Ce desordre obligea dame Histoire à se servir d’une personne interposée qui ne fût ny suspecte ny taxée de Flatterie, et choisit pour cet effet certain Courrier inconnu, qui se nomma François, mais il ne se devoit nommer que Parisien, d’autant que ses courses ne s’estendoient point hors des portes de cette ville ; elle instruisit cet homme de toutes les manigances qu’il falloit pratiquer, comme il falloit adoucir et couler les mauvaises nouvelles, exagerer les avantageuses, asseurer les douteuses délicatement, si bien que l’on ne s’en peut dedire sans contradiction, et faire en sorte de se faire bien venir des puissances, agréer du peuple, et n’attirer sur soy la haine ny la malediction de personne ; après ces instructions il prit la place de Gazette, et sceut si bien encherir par dessus son stile, que dès sa première arrivée, qui fut de son logis chez l’imprimeur, on cria Vivat, adieu Gazette et courre le Courrier.

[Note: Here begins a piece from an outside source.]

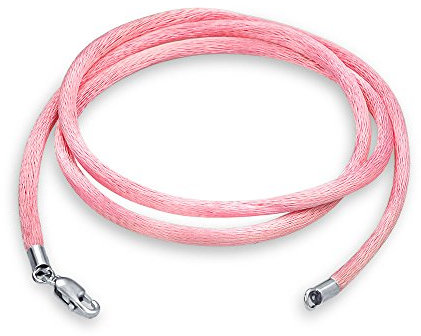 Bling Jewelry Cordon De Pendentif En Satin De Soie Rose Pour Femmes Hommes Adolescents Fermoir À Pince De Homard En Argent Sterling .925 18 Pouces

Je m’imaginois au commencement que c’estoit un piqueur de chevaux qui fût toujours en selle et le foüet à la main, qu’il eust les fesses endurcies comme un postillon, qu’il courût incessamment la poste, la botte tirée jusques au pommeau de la selle, et qui fit des cinquante lieuës par jour sans s’arrester jamais deux heures en une place ; mais la première rencontre que j’en fis chez l’imprimeur me détrompa de cette créance, et me le fit connoistre pour un piqueur d’escabelle qui ne levoit que rarement le cul de dessus, si ce n’est qu’il eust affaire au Palais ou à l’Hostel de ville.

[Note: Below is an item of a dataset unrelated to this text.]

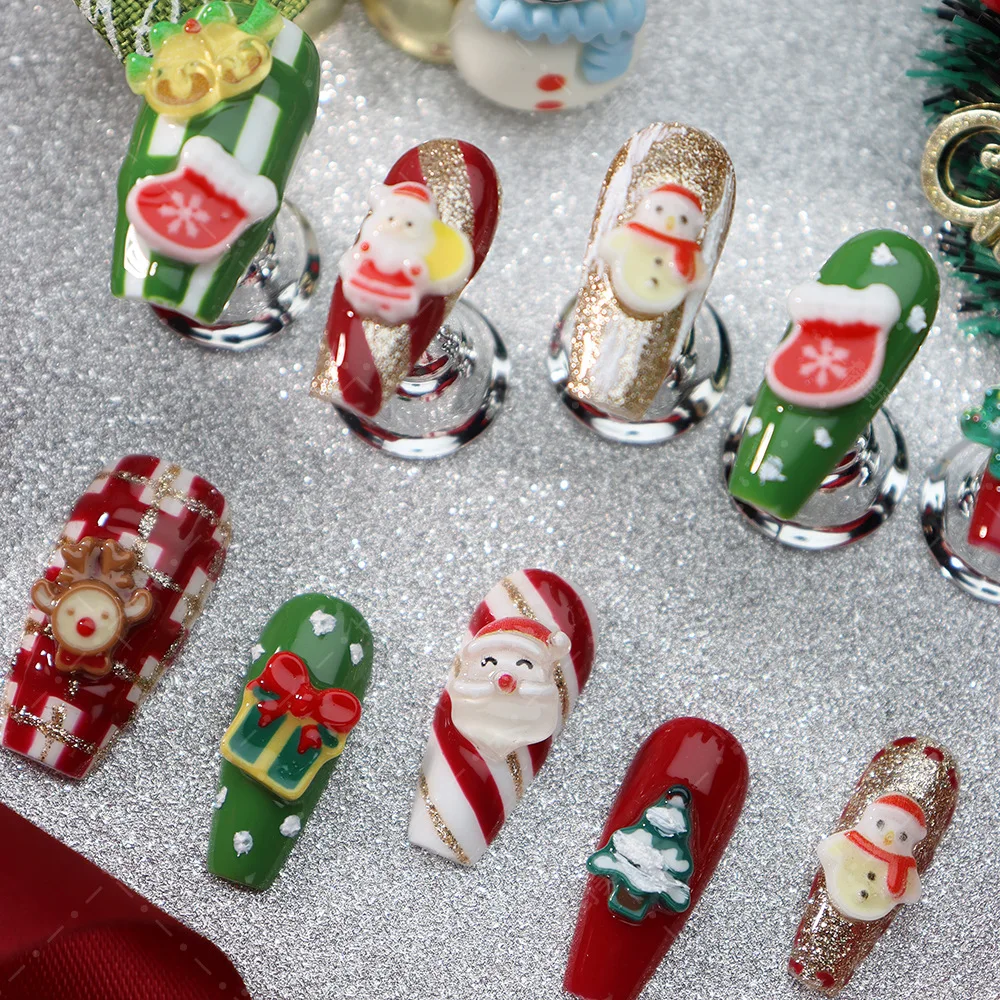 10 pçs nova imprensa de natal em unhas artesanal 3d rena árvore de natal papai noel decoração falso prego flash ouro vermelho verde unhas falsas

N’estoit-ce pas un homme fort propre à cette profession ? N’estoit-il pas bien nommé Courrier françois ? et donnant dans Paris des nouvelles seulement de Paris, avoit-il pas bonne raison d’adjouster à son titre ces mots, apportant toutes sortes de nouvelles ? puisque celles dont il nous faisoit part estoient le plus souvent si vieilles et rebattuës ; que dis-je les enfans en alloient à la moutarde.